== Record excerpts

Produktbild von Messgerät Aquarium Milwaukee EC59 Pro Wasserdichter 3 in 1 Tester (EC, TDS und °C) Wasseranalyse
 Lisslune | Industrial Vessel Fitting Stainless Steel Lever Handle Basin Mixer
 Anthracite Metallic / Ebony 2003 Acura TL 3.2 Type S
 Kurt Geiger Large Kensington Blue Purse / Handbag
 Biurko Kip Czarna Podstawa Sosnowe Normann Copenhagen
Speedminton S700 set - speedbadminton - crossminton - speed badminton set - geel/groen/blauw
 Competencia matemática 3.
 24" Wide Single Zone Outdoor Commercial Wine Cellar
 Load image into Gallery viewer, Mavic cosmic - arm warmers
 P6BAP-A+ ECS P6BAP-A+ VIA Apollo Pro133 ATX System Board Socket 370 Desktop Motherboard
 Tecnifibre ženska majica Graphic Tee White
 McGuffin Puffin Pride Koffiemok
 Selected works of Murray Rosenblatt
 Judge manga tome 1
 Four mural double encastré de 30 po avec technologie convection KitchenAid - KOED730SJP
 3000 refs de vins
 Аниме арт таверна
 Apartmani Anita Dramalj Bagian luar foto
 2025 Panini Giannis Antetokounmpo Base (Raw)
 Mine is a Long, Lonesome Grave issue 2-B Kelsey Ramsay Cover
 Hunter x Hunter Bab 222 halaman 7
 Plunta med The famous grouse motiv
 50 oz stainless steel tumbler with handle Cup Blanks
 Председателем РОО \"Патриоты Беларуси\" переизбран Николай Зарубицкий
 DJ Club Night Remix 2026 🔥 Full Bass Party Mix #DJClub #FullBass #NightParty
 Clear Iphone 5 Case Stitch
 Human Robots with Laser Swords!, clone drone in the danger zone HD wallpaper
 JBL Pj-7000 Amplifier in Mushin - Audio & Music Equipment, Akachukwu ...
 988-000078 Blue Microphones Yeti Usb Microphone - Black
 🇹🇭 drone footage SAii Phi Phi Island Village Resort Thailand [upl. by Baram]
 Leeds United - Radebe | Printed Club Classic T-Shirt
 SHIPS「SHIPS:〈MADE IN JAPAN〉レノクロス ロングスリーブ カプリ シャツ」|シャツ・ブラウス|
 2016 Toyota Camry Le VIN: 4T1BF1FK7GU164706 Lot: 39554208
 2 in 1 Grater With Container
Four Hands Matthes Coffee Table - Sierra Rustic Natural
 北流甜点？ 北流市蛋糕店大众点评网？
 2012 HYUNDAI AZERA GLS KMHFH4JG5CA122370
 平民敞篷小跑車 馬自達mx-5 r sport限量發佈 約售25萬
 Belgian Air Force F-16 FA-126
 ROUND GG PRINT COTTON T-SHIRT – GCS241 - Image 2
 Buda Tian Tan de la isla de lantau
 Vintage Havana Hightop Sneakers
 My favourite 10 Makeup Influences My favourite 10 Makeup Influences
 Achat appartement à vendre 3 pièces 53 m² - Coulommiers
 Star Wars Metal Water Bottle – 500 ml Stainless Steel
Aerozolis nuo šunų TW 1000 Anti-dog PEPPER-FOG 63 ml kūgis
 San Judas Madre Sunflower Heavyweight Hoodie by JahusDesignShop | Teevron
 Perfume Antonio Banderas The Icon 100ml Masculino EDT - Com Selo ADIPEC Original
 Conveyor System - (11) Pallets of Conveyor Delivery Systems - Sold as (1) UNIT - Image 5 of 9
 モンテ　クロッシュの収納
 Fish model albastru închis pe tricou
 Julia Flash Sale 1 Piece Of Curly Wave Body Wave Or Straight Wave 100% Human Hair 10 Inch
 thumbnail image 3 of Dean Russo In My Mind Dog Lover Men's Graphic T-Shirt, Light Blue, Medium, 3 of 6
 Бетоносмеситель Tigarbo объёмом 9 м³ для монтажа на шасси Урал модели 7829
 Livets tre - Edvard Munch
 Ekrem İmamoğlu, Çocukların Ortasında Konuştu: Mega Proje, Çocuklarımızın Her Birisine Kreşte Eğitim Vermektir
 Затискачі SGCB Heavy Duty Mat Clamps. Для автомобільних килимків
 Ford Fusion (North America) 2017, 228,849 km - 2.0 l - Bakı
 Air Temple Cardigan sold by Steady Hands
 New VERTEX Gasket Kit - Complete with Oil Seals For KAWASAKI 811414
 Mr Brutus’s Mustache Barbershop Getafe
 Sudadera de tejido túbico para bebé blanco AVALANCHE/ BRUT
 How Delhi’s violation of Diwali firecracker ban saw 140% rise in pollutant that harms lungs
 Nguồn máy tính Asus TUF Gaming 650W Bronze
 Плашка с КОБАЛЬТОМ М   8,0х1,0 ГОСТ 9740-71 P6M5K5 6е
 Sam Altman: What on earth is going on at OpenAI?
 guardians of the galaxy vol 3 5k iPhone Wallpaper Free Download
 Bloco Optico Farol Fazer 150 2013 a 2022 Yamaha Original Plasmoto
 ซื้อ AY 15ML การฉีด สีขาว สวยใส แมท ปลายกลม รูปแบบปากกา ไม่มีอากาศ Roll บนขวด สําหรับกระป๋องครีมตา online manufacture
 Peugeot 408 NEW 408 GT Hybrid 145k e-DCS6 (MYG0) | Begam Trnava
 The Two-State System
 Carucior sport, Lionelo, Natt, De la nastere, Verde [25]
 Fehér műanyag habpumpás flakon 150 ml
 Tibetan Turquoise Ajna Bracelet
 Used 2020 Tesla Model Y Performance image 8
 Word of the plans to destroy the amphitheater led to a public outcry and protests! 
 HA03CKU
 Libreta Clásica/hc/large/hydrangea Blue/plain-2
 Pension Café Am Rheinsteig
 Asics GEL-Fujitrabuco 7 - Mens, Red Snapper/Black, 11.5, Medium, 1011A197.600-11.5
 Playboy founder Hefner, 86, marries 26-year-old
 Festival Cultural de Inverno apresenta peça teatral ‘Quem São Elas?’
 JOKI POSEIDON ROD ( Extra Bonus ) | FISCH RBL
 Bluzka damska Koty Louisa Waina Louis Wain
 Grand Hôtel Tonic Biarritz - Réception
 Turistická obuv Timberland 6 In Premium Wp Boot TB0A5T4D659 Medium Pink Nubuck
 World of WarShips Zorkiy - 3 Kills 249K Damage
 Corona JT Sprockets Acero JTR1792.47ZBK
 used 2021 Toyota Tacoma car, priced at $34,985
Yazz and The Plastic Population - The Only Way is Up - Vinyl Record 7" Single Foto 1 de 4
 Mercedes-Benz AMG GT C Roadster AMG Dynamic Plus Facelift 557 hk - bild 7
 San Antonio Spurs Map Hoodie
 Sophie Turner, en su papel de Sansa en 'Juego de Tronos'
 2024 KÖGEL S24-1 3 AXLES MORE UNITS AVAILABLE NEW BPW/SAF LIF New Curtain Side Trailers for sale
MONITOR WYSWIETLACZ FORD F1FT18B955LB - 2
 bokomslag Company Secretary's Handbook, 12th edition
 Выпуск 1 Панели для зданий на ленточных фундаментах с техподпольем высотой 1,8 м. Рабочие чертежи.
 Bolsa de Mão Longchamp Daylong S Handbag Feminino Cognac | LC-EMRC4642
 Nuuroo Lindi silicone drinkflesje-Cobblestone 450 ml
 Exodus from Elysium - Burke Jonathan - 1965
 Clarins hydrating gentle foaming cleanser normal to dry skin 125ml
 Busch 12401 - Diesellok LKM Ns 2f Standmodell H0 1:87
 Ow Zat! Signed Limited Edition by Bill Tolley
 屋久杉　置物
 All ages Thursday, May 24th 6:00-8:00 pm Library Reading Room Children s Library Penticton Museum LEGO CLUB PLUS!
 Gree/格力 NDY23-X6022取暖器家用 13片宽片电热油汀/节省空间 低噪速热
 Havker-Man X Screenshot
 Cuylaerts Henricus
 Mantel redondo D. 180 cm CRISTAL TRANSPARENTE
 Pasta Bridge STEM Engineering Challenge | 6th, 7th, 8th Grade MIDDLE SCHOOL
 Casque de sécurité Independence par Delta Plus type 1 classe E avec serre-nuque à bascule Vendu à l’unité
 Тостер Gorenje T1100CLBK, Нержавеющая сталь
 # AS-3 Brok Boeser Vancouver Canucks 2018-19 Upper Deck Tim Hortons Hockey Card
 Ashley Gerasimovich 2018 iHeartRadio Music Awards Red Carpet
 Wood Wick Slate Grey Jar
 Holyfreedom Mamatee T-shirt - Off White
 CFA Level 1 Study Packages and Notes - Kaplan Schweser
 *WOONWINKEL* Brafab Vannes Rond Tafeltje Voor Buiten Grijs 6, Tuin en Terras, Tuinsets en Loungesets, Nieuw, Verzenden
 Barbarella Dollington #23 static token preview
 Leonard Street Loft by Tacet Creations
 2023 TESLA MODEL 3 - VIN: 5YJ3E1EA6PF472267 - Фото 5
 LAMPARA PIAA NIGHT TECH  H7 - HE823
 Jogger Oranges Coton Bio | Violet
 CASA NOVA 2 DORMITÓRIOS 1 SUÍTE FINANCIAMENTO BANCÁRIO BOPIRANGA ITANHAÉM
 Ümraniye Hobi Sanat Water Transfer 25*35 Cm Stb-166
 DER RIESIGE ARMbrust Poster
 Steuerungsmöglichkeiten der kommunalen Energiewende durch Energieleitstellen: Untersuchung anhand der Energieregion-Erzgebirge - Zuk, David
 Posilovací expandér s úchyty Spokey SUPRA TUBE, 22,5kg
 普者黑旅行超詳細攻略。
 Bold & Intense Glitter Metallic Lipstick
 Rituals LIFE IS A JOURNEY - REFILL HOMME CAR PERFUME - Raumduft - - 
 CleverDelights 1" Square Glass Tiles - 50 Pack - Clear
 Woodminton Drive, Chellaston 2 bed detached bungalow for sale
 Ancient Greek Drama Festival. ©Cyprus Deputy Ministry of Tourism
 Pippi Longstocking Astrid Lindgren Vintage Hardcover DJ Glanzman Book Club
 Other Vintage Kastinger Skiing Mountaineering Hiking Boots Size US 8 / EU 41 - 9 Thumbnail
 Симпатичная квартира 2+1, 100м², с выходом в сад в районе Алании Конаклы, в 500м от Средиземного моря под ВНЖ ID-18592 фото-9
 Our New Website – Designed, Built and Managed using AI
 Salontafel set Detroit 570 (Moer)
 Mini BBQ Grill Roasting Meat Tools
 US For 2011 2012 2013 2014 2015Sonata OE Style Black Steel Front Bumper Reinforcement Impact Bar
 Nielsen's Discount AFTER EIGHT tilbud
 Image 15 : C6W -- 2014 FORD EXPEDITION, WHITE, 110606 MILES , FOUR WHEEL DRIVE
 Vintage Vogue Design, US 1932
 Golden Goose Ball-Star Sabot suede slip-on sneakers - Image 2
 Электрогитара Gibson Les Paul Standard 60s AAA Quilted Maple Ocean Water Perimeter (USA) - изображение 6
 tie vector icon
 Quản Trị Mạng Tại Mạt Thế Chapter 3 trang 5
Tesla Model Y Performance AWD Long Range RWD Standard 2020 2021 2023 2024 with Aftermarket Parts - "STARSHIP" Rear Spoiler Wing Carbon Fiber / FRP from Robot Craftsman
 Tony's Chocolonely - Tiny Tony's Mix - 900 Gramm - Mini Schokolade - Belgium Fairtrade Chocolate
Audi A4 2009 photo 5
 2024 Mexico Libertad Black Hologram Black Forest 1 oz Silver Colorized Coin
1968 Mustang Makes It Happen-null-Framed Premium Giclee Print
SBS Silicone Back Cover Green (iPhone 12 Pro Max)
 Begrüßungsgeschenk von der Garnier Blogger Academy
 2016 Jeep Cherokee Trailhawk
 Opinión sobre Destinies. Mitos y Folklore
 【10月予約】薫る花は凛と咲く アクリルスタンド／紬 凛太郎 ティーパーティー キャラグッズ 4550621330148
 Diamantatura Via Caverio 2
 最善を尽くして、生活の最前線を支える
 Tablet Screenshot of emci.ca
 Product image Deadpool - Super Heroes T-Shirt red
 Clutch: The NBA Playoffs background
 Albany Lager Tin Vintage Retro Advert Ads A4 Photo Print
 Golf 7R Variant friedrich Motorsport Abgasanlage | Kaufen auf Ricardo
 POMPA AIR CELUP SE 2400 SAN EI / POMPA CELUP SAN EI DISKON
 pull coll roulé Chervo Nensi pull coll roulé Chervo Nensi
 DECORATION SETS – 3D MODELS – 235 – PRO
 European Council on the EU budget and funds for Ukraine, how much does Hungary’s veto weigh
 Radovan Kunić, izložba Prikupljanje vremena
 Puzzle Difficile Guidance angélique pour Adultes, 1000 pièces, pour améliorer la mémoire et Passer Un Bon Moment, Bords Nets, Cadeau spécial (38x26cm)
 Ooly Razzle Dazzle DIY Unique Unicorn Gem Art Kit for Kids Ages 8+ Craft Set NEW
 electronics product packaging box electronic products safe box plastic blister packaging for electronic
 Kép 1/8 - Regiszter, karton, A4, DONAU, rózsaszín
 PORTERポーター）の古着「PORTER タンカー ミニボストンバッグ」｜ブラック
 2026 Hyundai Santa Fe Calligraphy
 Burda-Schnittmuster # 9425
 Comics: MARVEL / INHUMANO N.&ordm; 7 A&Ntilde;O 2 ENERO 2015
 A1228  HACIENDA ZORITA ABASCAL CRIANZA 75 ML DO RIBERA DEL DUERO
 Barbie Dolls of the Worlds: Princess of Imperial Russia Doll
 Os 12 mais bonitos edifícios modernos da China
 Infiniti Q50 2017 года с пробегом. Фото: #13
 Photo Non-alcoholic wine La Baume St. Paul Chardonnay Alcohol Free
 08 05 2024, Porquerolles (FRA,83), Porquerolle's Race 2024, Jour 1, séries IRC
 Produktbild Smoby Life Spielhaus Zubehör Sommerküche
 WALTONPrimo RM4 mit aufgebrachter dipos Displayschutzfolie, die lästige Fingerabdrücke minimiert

====

Action item.
Please output the lines of the listing above that fall in the stretch from the one with "Nguồn máy tính Asus TUF Gaming 650W Bronze" through the one with "The Two-State System", exactly and only those.

Task output.
 Nguồn máy tính Asus TUF Gaming 650W Bronze
 Плашка с КОБАЛЬТОМ М   8,0х1,0 ГОСТ 9740-71 P6M5K5 6е
 Sam Altman: What on earth is going on at OpenAI?
 guardians of the galaxy vol 3 5k iPhone Wallpaper Free Download
 Bloco Optico Farol Fazer 150 2013 a 2022 Yamaha Original Plasmoto
 ซื้อ AY 15ML การฉีด สีขาว สวยใส แมท ปลายกลม รูปแบบปากกา ไม่มีอากาศ Roll บนขวด สําหรับกระป๋องครีมตา online manufacture
 Peugeot 408 NEW 408 GT Hybrid 145k e-DCS6 (MYG0) | Begam Trnava
 The Two-State System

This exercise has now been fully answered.